Stocks moved mostly higher on Thursday, though upward momentum was reserved ahead of the jobs report on Friday and next Tuesday's presidential election.
The S&P 500 was up 0.12%, the Dow Jones Industrial Average rose 0.2%, and the Nasdaq fell 0.04%. The S&P 500 could narrowly snap a seven-day losing streak, its longest in five years.
Most investors were holding out for the most closely watched economic report, the monthly jobs report, that will be released on Friday. Economists anticipate 173,000 jobs to have been added to nonfarm payrolls in October, accelerating from 156,000 in September. The unemployment rate is expected to dip to 4.9% from 5%, while average hourly earnings are predicted to climb to 0.3% from 0.2%.

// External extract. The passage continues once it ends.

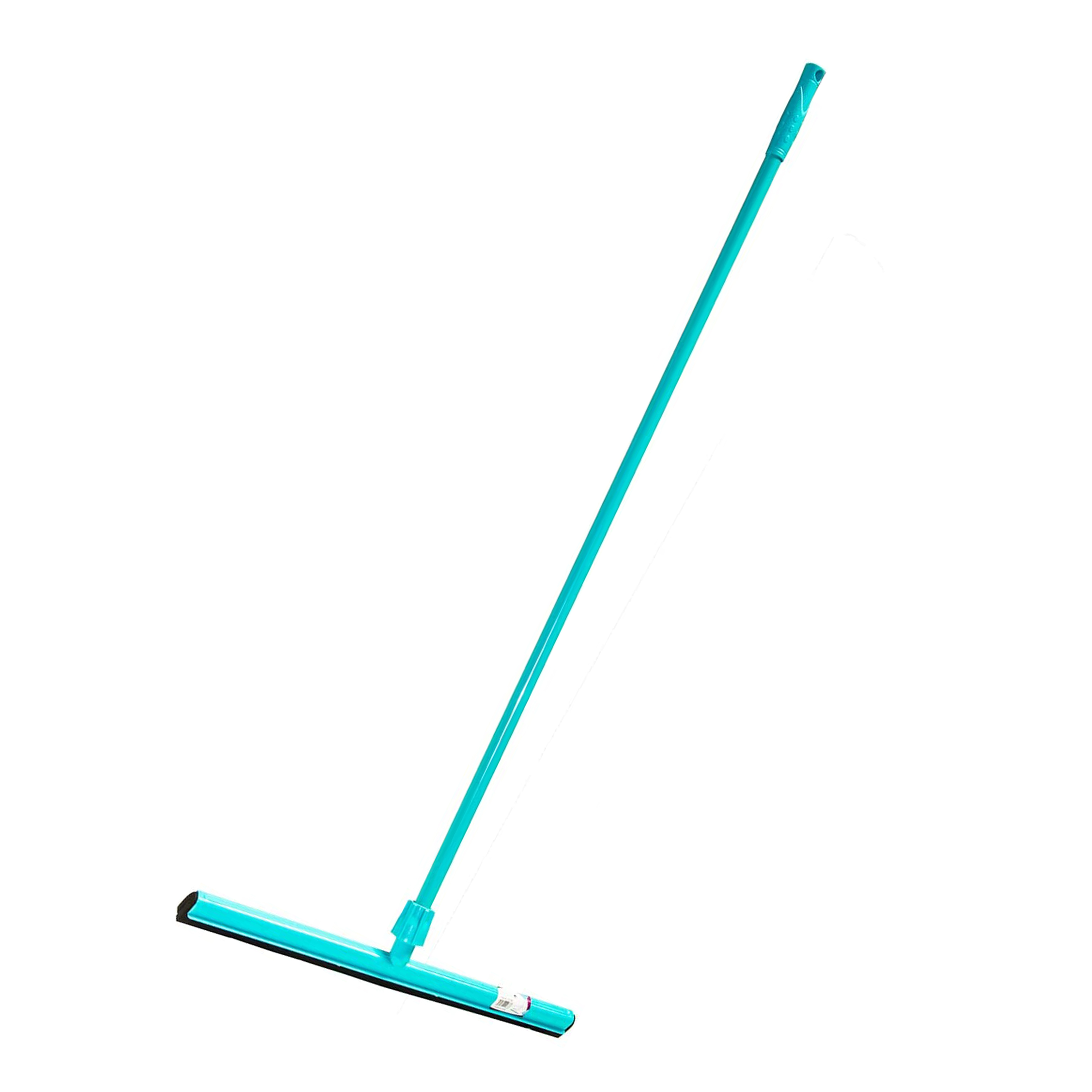 Floor Squeegee for Concrete Floor - 35 Squeegee Broom with Long Handle for  Tile Floor, Heavy Duty Foam Floor Water Wiper for Garage, Shower, Kitchen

Uncertainty over next week's U.S. presidential election kept Wall Street on edge. Stocks have endured a volatile week after a number of polls showed Republican presidential candidate Donald Trump gaining momentum in electoral college and popular-vote polls. A Times/CBS News poll Thursday morning shows Democratic presidential candidate Hillary Clinton holding onto a three-point lead. The poll noted that most voters say their minds have been made up.
Services activity in the U.S. weakened in October, according to the latest non-manufacturing ISM index. The measure slipped to 54.8 last month from 57.1 in September, though remained in expansionary territory for its 81st straight month. Analysts expected the index to come in at 56. New orders and business activity both weakened.
Factory orders in the U.S. increased 0.3% in September, up from 0.2% in August. Orders have risen for three straight months. Analysts expected the measure to remain flat at 0.2% growth in September.